Grazie all’assunzione di dieci Anestesisti-Rianimatori tra aprile e dicembre 2025, il servizio di partoanalgesia, inizialmente attivo con turno h12 e reperibilità notturna, è stato potenziato fino alla copertura h24. Nel 2025 sono stati registrati 705 parti, di cui 50 con partoanalgesia negli ultimi tre mesi, insieme a 117 visite di preospedalizzazione. Anche nel 2026 il trend positivo prosegue, con oltre 70 parti già effettuati da inizio anno.
Il “cesareo dolce” e l’umanizzazione del parto
Accanto alla partoanalgesia, lo Spaziani ha introdotto il gentle cesarean birth, il taglio cesareo “dolce”, che permette ai neo papà di vivere la nascita al fianco della mamma. Il neonato viene accolto subito sul torace materno, favorendo il contatto pelle a pelle, il comfort e l’avvio precoce dell’allattamento. Il modello, previsto nei cesarei elettivi senza controindicazioni cliniche, non modifica le procedure chirurgiche ma umanizza l’esperienza del parto, integrandosi con le misure di supporto alla famiglia, compresa la presenza dei papà dalle 14:00 alle 20:00.

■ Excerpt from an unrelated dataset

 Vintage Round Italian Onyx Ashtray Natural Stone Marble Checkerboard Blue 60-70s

Le sfide del sistema dei punti nascita provinciali
L’ASL di Frosinone evidenzia come il sistema dei punti nascita provinciali debba confrontarsi con la carenza di professionisti, in particolare pediatri, e con un contesto demografico in contrazione. “Sono necessarie scelte organizzative e strategiche – spiega la Direzione Strategica – e azioni coordinate per garantire i livelli e gli standard di sicurezza, rispettando il best standard prescritto dal DM 70 sulle nascite annue in ogni ospedale”.
Per rafforzare la continuità assistenziale, l’azienda ha avviato concorsi per l’assunzione di 13 Dirigenti Medici di Pediatria e una manifestazione di interesse per 5 Pediatri e 5 Ginecologi. Precedenti concorsi, pur con 17 candidati, non avevano prodotto esiti utili.

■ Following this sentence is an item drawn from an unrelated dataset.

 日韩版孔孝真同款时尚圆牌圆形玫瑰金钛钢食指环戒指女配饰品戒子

In parallelo, sono state attivate convenzioni con ASL Roma 1, A.O. San Camillo Forlanini e A.O. San Giovanni Addolorata, per garantire consulenze neonatologiche e pediatriche. È in fase di valutazione un’ulteriore collaborazione con la ASL di Caserta, a supporto della rete provinciale.
L’importanza dei giovani professionisti
Il Direttore Generale Cavaliere sottolinea come sia cruciale una risposta proattiva da parte dei professionisti sanitari, soprattutto delle nuove generazioni. Senza una partecipazione attiva ai percorsi di reclutamento e alle opportunità offerte dal servizio pubblico, infatti, si rischia di vanificare gli sforzi della Regione e dell’Azienda nel garantire servizi essenziali e di qualità, a partire da quelli dedicati alla nascita.
Come accedere alla partoanalgesia
La partoanalgesia, o analgesia epidurale, riduce o elimina il dolore del travaglio e del parto mantenendo la donna cosciente. Può essere utilizzata anche in caso di evoluzione del parto spontaneo in taglio cesareo, permettendo alla mamma di restare parte attiva dell’esperienza. Il ginecologo, l’ostetrica o il consultorio possono indirizzare la futura mamma al servizio di anestesia per colloquio informativo e visita di preospedalizzazione, preferibilmente tra la 34ª e la 36ª settimana di gravidanza.